WHAT IS REQUIRED: Among the entries below, retype exactly the lines starting with the one with "WABCO 4757110300 - Régulateur de freinage" and going on through the one with "Maloja Damen ArapiM. Hose", but not the pictures.

== SOURCE DATA ==

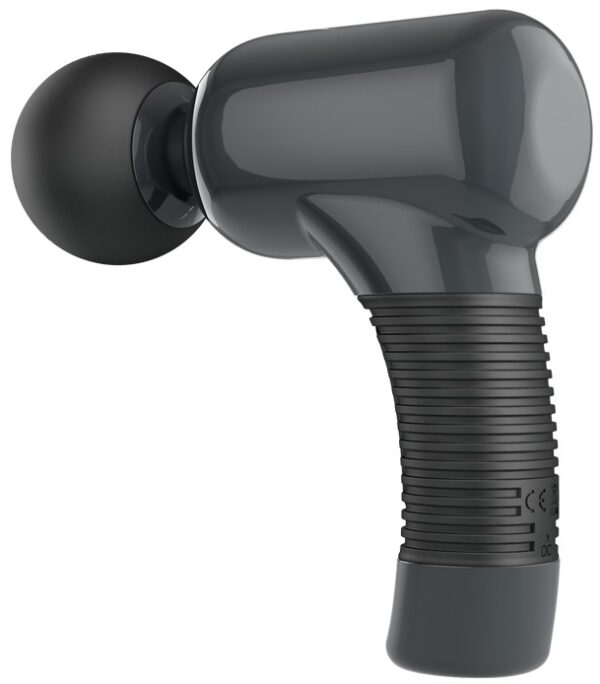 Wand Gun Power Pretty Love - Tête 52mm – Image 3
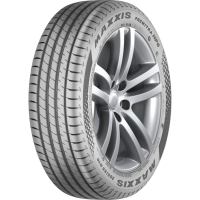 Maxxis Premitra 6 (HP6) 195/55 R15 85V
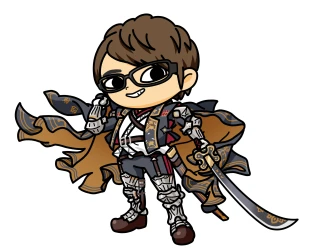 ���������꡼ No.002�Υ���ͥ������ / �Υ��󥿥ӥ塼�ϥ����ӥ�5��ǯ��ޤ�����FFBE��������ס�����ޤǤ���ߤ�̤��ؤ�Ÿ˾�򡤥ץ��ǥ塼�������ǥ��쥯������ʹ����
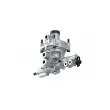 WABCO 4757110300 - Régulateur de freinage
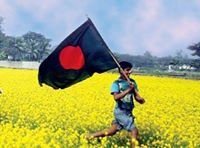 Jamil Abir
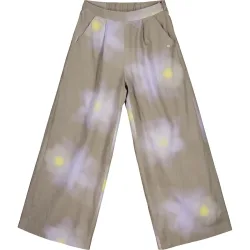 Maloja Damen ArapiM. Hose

===
== SOURCE DATA ==

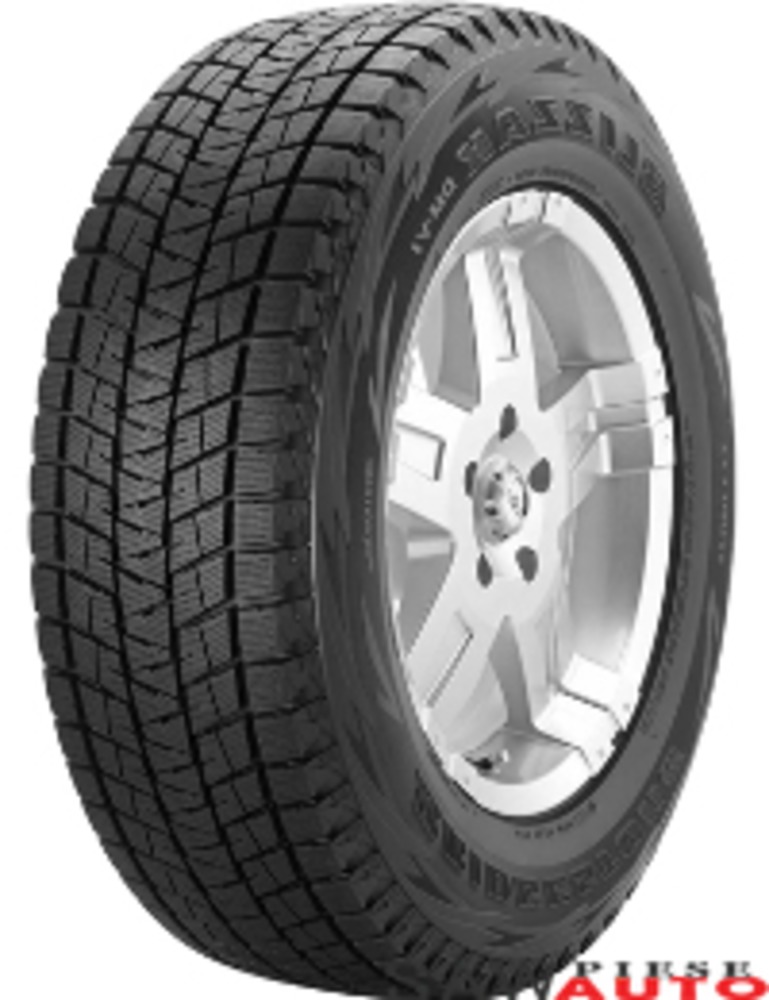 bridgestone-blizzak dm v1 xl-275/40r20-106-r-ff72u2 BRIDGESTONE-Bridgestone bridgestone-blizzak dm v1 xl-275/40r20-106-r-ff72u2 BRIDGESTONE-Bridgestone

===
== SOURCE DATA ==

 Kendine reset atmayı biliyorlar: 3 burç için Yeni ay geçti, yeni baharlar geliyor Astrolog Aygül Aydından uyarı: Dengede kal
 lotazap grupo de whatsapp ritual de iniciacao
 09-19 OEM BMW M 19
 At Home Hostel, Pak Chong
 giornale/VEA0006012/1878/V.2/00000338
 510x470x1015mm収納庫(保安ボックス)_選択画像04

===

EXPECTED ANSWER:
 WABCO 4757110300 - Régulateur de freinage
 Jamil Abir
 Maloja Damen ArapiM. Hose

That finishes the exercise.